Primero, el cuchillo trocea el diente. Un cuchillo afilado tantas veces que su hoja recuerda una luna creciente muy fina. El mismo cuchillo que mi abuela —apodada la Pulga, aunque sea bastante corpulenta— hunde ante mis ojos con un movimiento preciso, sin piedad, en el cuello de los conejos para que se desangren. Y0 nunca aparto la vista, porque prefiero esa muerte limpia a la hipocresía del palo que utilizan algunos para acabar con el animal. Mi padre lo hace del mismo modo: No me pierdo ninguna ejecución. Me gusta especialmente el momento en que, tras hacer pequeños cortes alrededor de las patas, vuelve la piel de un tirón, como si fuera un calcetín, y la separa del cuerpo de azulado marfil. En los dientes de ajo, que desnudos parecen caninos de animales salvajes, el arma del crimen talla minúsculos cubos nacarados y un poco pegajosos, a los que no les da tiempo a despedir su olor, porque mi abuela los echa enseguida a la negra y abollada sartén, sobre el bistec que ya chisporrotea en ella. Explosión. Humareda de fragua. Picor de ojos.

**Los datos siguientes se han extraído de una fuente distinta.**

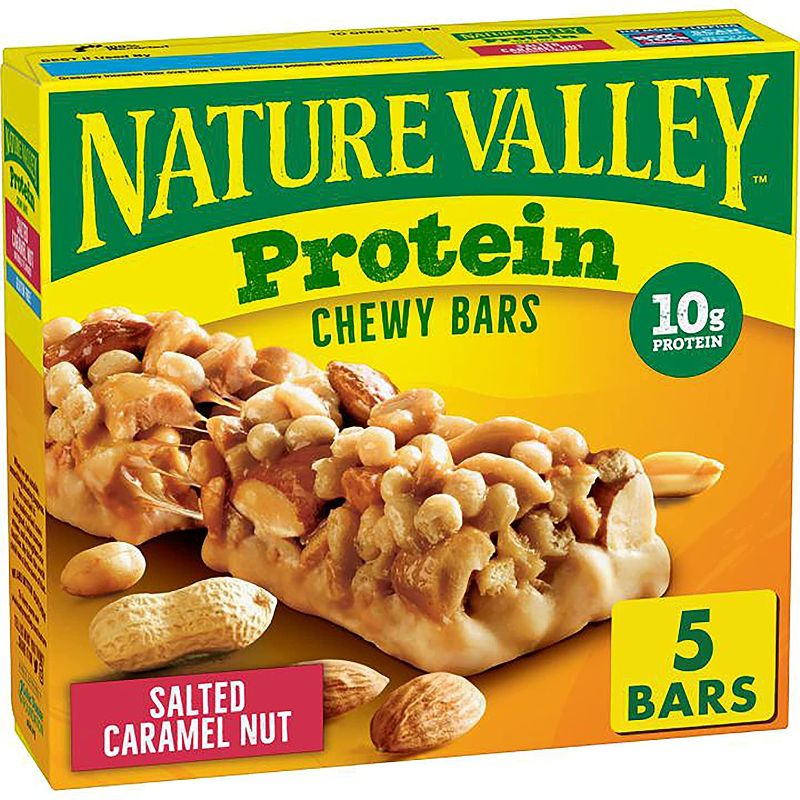 Photo 1 of 3x Nature Valley Chewy Protein Granola Bars, Salted Caramel Nut, 5 ct, 7.1 oz
Best Before: Apr 24, 2022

La cocina de la pequeña casa del número 18 de la rue des Champs Fleury desaparece en una nube. Salivo. Olor a ajo, mantequilla que hierve y carne, cuya sangre y cuyos jugos se transforman en delicioso caldo al contacto con la grasa fundida. Espero sentado a la mesa. Con un vacío en el estómago. Con un cubierto en cada mano. Con un paño blanco anudado al cuello. Los pies aún no me llegan al suelo. Soy Pulgarcito, pero me he convertido en el ogro del cuento. Tengo toda una vida por delante. Mi abuela hace salir la humareda de figón por la ventana que da al corral y pone en mi plato de vieja porcelana, que me encanta, con sus desconchaduras y sus imágenes de caza, el bistec que esa misma mañana hemos comprado en la carnicería del Petit Maire, en la me Carnot. Los cubos de ajo se han apergaminado. Unos se han vuelto rojizos, otros han adquirido un color sepia y algunos un tono caramelo, pero, sorprendentemente, los hay que han conservado su blancura nívea. Juntos, obran sobre el caliente y dorado filete un sutil milagro. Mi abuela remata la faena cortando con sus tijeras negras de coser un poco de perejil muy fino, que cae sobre la carne, dándole un aroma de hierba fresca. Luego me mira sonriendo.
—¿Tú no comes? —le pregunto.
—Verte comer a ti me alimenta —responde. Murió cuando yo tenía ocho años.